# Passed 5th gup test



## matt.m (Dec 14, 2006)

This evening before hapkido school began I found out that I had passed my green belt test for hapkido.  What a relief, my dobok was drenched and had to be wrung out after the exam.

Next wed. I test for 4th gup - blue in tae kwon do.  Back to studies.


----------



## terryl965 (Dec 14, 2006)

Great news Matt congrats


----------



## Drac (Dec 15, 2006)

Congrats Matt...


----------



## ajs1976 (Dec 15, 2006)

Congrats.


----------



## bydand (Dec 15, 2006)

Congratulations!!  That is awsome.  Good luck on your upcoming test in TKD as well.


----------



## exile (Dec 15, 2006)

bydand said:


> Congratulations!!  That is awsome.  Good luck on your upcoming test in TKD as well.
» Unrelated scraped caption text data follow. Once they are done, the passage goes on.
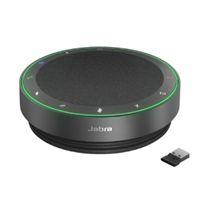 Jabra Speak2 75 MS Teams, Link 380c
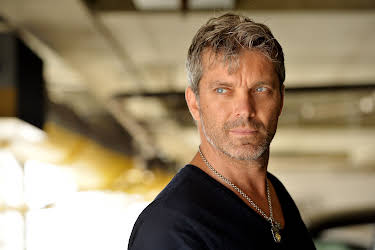 Gil Darnell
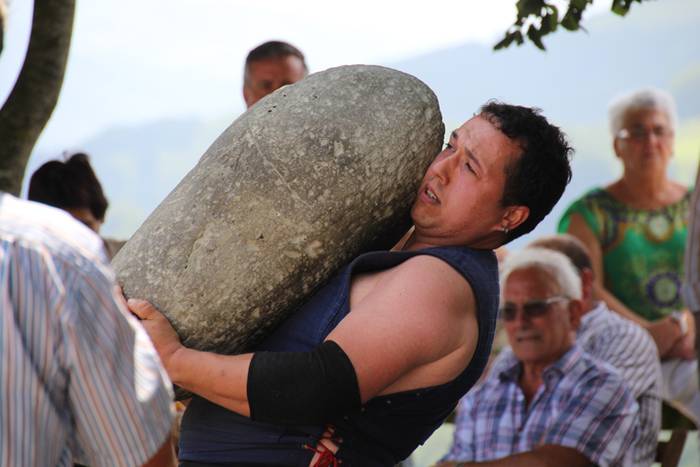 Herri kirola eta festa, Sant 27 1500220668829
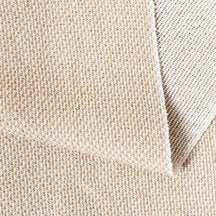 Sasawashi Mesh Body Scrub Towel | Japanese Body Accessories - Bath & Body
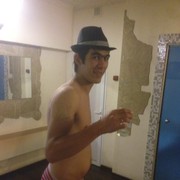 ���������� ������, ���� ������� ����, 36 ���, ������������ ��� ������, ����� � ���������, c�������� ���������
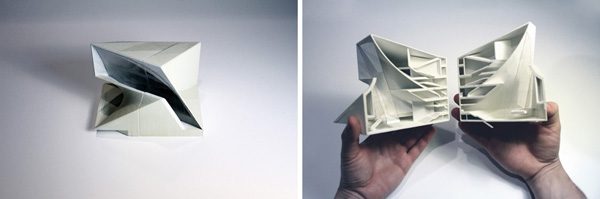 Los Angeles Contemporary cinema Amir Mikhaeil 05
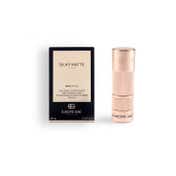 Europe Girl Silky Matte Long Lasting Lipstick - Dusty Rose Eg 09 (3 g)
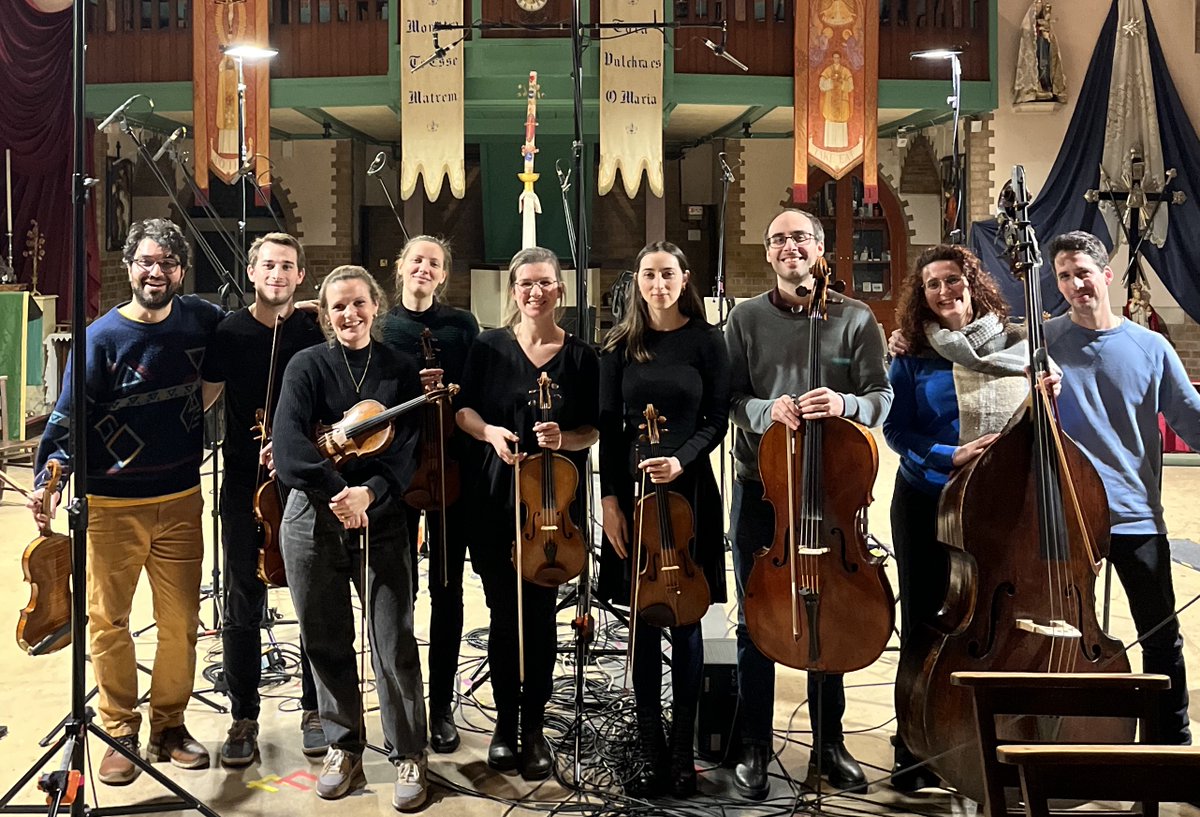 The Strad (@thestradmag) on Twitter photo Julian Azkoul, artistic director of <a href="/UnitedStringsEU/">United Strings of Europe</a> outlines the journey to secure permission from the surviving Stravinsky family to create a string sextet arrangement of the ballet 'Apollon musagète': trib.al/umbcHru Julian Azkoul, artistic director of <a href="/UnitedStringsEU/">United Strings of Europe</a> outlines the journey to secure permission from the surviving Stravinsky family to create a string sextet arrangement of the ballet 'Apollon musagète': trib.al/umbcHru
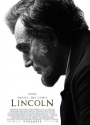 Lincoln türkce dublaj izle - film izle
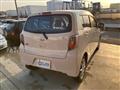 2012 Daihatsu Mira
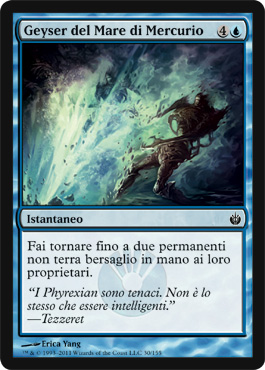 /prodotti/1/245/MBS030.jpg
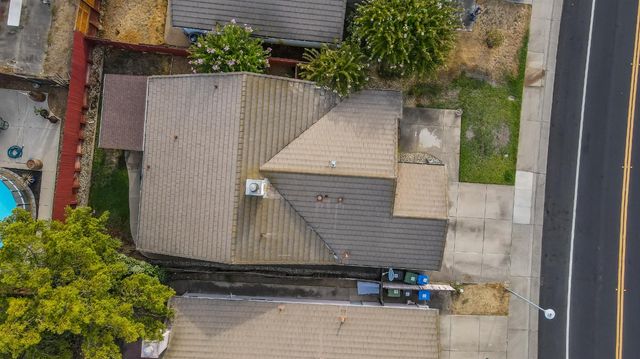 9144 Lakemont Dr, Elk Grove, CA 95624
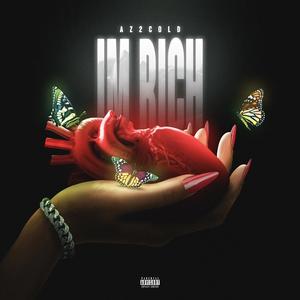 IM RICH (Explicit)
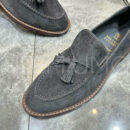 Brunello Cucinelli лоферы PR215799 15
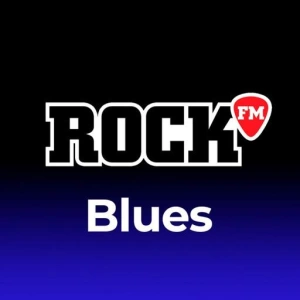 Rock Blues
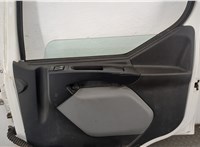  Стеклоподъемник электрический Renault D 2013- 11467530 #7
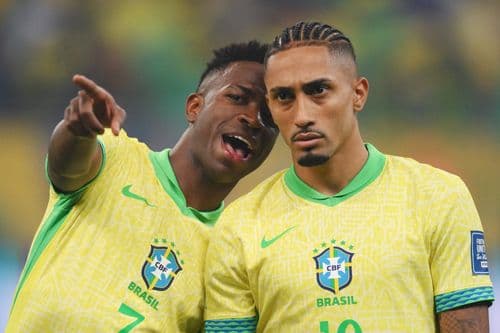 Copa do Mundo impulsiona crescimento das apostas esportivas e reforça importância da informação em tempo real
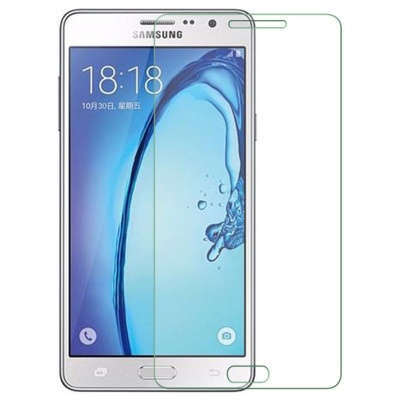 محافظ صفحه Glass برای Galaxy On7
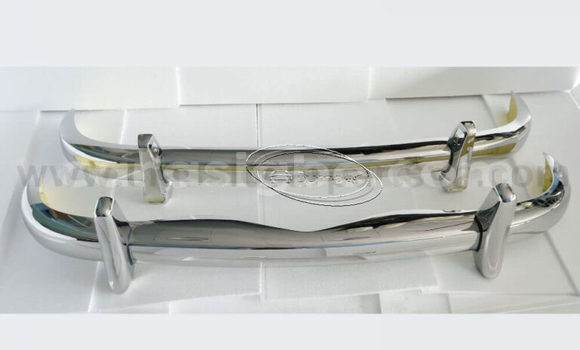 Acheter Neuf Voiture Mercedes‒Benz S-klasse Gris à Sokodé, Togo Acheter Neuf Voiture Mercedes‒Benz S-klasse Gris à Sokodé, Togo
Ditto... no, _two_ dittos! :wink1:


----------



## Kacey (Dec 15, 2006)

Woohoo!  That's great!  Congratulations!  :highfive:


----------



## crushing (Dec 15, 2006)

Sounds like you are kickin' it.  Congrats!!!!


----------



## Jade Tigress (Dec 15, 2006)

WooHoo! Way to Go!!!

artyon:artyon:

:asian: :asian: :asian:
​


----------



## Brian R. VanCise (Dec 15, 2006)

Congratulations and keep going!


----------